*** Opening of STORED DATA ***
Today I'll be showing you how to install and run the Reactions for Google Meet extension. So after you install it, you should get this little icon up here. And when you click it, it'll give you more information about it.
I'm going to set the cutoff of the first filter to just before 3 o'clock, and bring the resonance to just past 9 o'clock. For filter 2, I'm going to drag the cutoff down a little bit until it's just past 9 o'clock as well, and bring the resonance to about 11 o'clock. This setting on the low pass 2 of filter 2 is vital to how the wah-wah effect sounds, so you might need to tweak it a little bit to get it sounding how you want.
*** Close of STORED DATA ***
*** Opening of STORED DATA ***
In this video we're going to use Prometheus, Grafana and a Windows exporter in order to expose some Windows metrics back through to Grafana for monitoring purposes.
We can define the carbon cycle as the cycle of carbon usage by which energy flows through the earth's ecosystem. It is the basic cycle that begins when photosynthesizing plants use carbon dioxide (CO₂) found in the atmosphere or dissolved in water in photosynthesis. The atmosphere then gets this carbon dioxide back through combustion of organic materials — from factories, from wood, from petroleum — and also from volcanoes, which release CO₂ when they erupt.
*** Close of STORED DATA ***
Of the entries above, repeat exactly the lines from the line with "Today I'll be" through the line with "I'm going to set", both of them included.

Today I'll be showing you how to install and run the Reactions for Google Meet extension. So after you install it, you should get this little icon up here. And when you click it, it'll give you more information about it.
I'm going to set the cutoff of the first filter to just before 3 o'clock, and bring the resonance to just past 9 o'clock. For filter 2, I'm going to drag the cutoff down a little bit until it's just past 9 o'clock as well, and bring the resonance to about 11 o'clock. This setting on the low pass 2 of filter 2 is vital to how the wah-wah effect sounds, so you might need to tweak it a little bit to get it sounding how you want.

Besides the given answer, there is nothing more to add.